** Dataset entries **
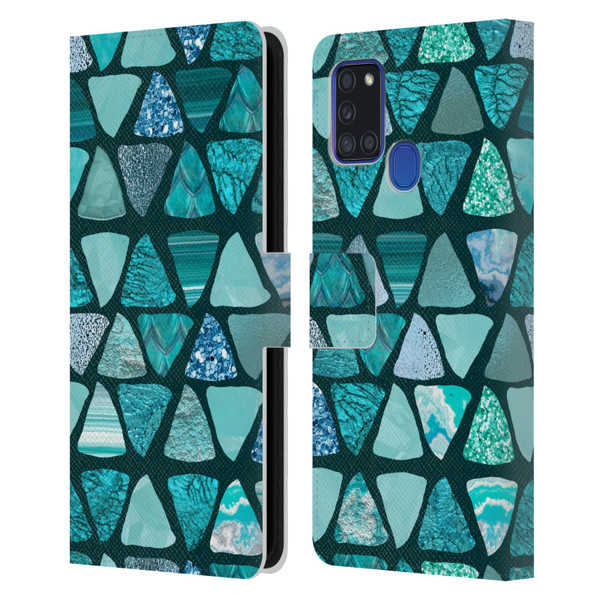 LebensArt Patterns 2 Teal Triangle Leather Book Wallet Case Cover For Samsung Galaxy A21s (2020)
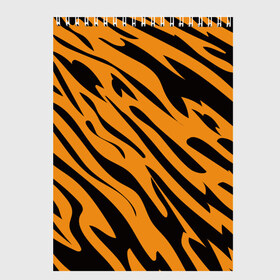 Скетчбук с принтом Тигр в Петрозаводске, 100% бумага
 | 48 листов, плотность листов — 100 г/м2, плотность картонной обложки — 250 г/м2. Листы скреплены сверху удобной пружинной спиралью | животное | зверь | кардашьян | ким | кот | лев | оранжевый | полосы | рыжий | тигр | черный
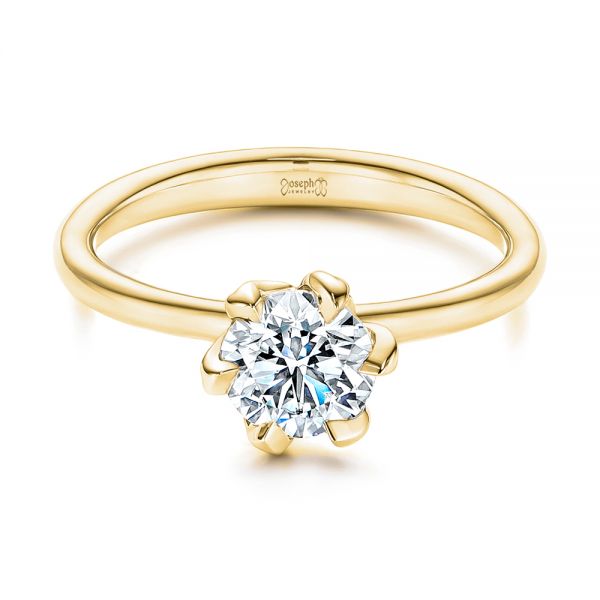 14k Yellow Gold 14k Yellow Gold Six Prong Solitaire Diamond Engagement Ring - Flat View -  106728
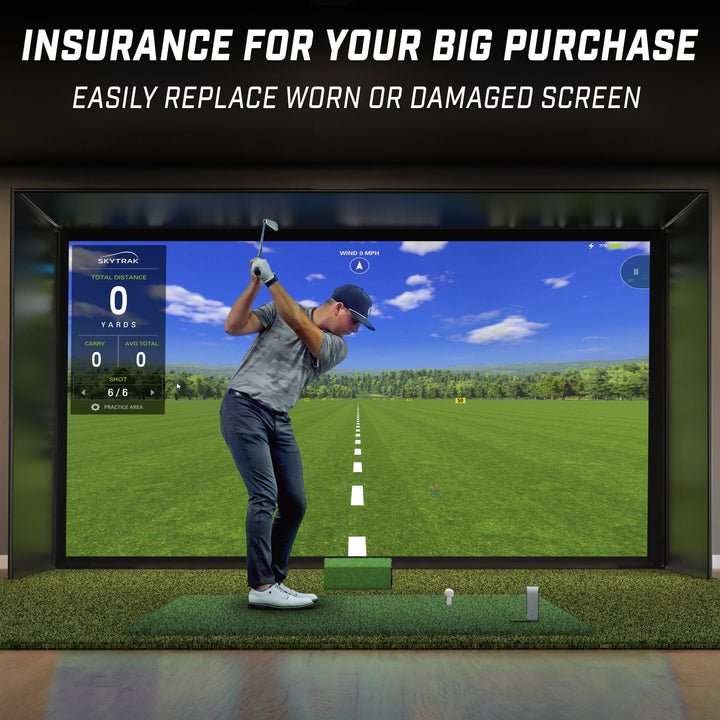Golfer practicing swing with GoSports Replacement Sim Screen in golf simulator bay - ALLBGT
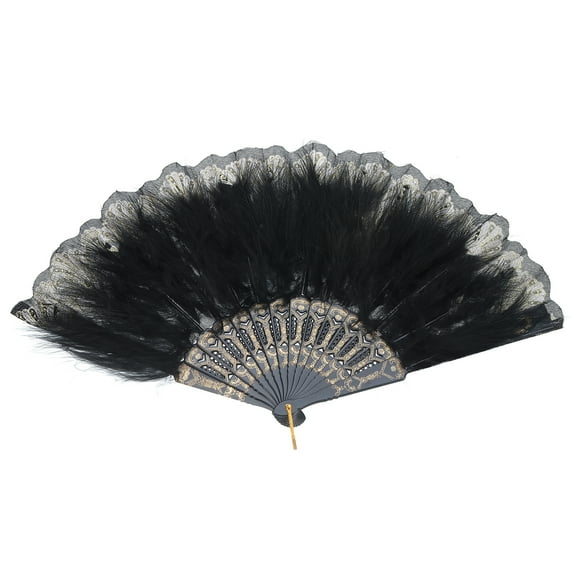 Uxcell Feather Hand Fan Black Vintage Folding Fan Feather Fan Handheld for Dancing Decoration
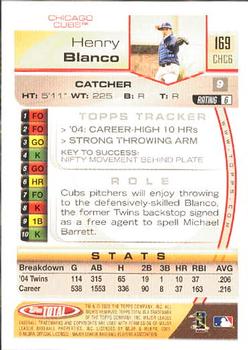 2005 Topps Total #169 Henry Blanco Back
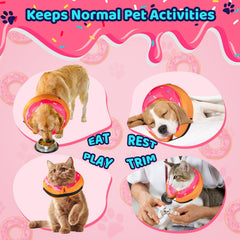Grand Line Donut Inflatable Collar pink view highlights unobstructed vision during recovery.
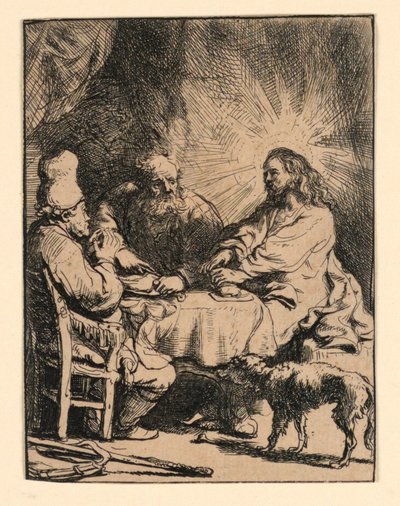 Cristo a Emmaus: La lastra più piccola da Rembrandt van Rijn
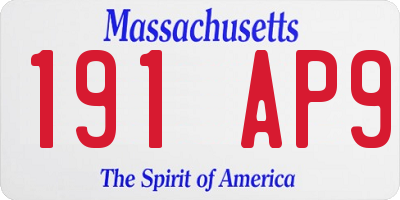 MA license plate 191AP9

** Work request **
Please, without any of the pictures, set down exactly the lines from the beginning of the listing to the line that contains "14k Yellow Gold 14k", inclusive.

** Your response **
 LebensArt Patterns 2 Teal Triangle Leather Book Wallet Case Cover For Samsung Galaxy A21s (2020)
 Скетчбук с принтом Тигр в Петрозаводске, 100% бумага
 | 48 листов, плотность листов — 100 г/м2, плотность картонной обложки — 250 г/м2. Листы скреплены сверху удобной пружинной спиралью | животное | зверь | кардашьян | ким | кот | лев | оранжевый | полосы | рыжий | тигр | черный
 14k Yellow Gold 14k Yellow Gold Six Prong Solitaire Diamond Engagement Ring - Flat View -  106728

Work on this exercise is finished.